04/05/2026
MUDr. Jan Kovář: ,, Kdo necvičí, umírá 5x častěji než ten kdo cvičí. Sorry for vulgar simplification.
Nízká tělěsná zdatnost strčí do kapsy rizika kouření a diabetu! Náprava nestojí žádné finanční prostředky, jen čas a pochopení! Čert vem veškerou prevenci u praktika se všemi ukazateli a hodnotami, když nebude základní poselství tohle."
Low cardiorespiratory fitness conferred greater all-cause mortality risk than smoking, diabetes, or coronary artery disease in a cohort of 122,007 patients followed for a median of 8.4 years. The mortality difference between low and elite fitness was several times larger than the mortality difference associated with carrying any of those traditional risk factors.
This is the central finding of Mandsager and colleagues, published in JAMA Network Open in 2018. The study analyzed consecutive adult patients referred for symptom-limited exercise treadmill testing at Cleveland Clinic between 1991 and 2014. Cardiorespiratory fitness was quantified by peak estimated metabolic equivalents (METs) achieved during the test. Patients were stratified by age- and sex-matched fitness percentiles into five performance groups: low (below 25th percentile), below average (25th-49th), above average (50th-74th), high (75th-97.6th), and elite (above 97.7th).
Risk-adjusted all-cause mortality was inversely proportional to fitness across the entire range. The mortality benefit of being elite vs high was statistically significant, which the authors describe as "no observed upper limit of benefit." This contradicts a long-standing concern that very high levels of endurance training might carry cardiovascular risk. In this cohort, more fitness was always better, even into the extreme top percentile.

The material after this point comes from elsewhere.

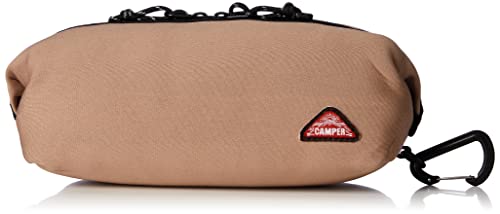 現代百貨 CAMPER ボックスティッシュポーチ BEIGE W230×D130×H70mm A474BE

The comparison to traditional risk factors is what makes this study notable. In the same patients, with the same statistical adjustments, the mortality risk increase from being unfit was several times larger than the risk increase from carrying any single major modifiable disease. Fitness is not just one risk factor among many. In this analysis, it was the largest one
A few caveats. This was a retrospective analysis of patients referred for treadmill testing, not a population sample. Patients referred for stress testing typically have symptoms or established risk factors that prompted referral. The cohort is also single-center (Cleveland Clinic). Selection effects may inflate or alter the magnitude of the comparison. The directional finding (low fitness predicts mortality) has been replicated extensively in other cohorts including the Aerobics Center Longitudinal Study and the Cooper Clinic data, but the precise magnitude is specific to this population.
The relative comparison within the cohort is what the study demonstrates most cleanly. In these 122,007 patients, fitness category mattered more for mortality than the categorical risk factors evaluated alongside it.
What this establishes. Cardiorespiratory fitness is one of the most prognostically powerful variables that can be measured non-invasively. The dose-response continues into the elite range. The risk reduction from improving fitness is substantial, and unlike most risk factors, it is improvable through training across the lifespan.
The clinical takeaway from the authors of the paper is direct: cardiorespiratory fitness is a modifiable indicator of long-term mortality, and clinicians should encourage patients to achieve and maintain high levels of fitness.
The practical lever is the same one it always was: structured aerobic training, progressive in intensity and duration, sustained over time. The data argues there is no plateau where you stop benefiting from getting fitter.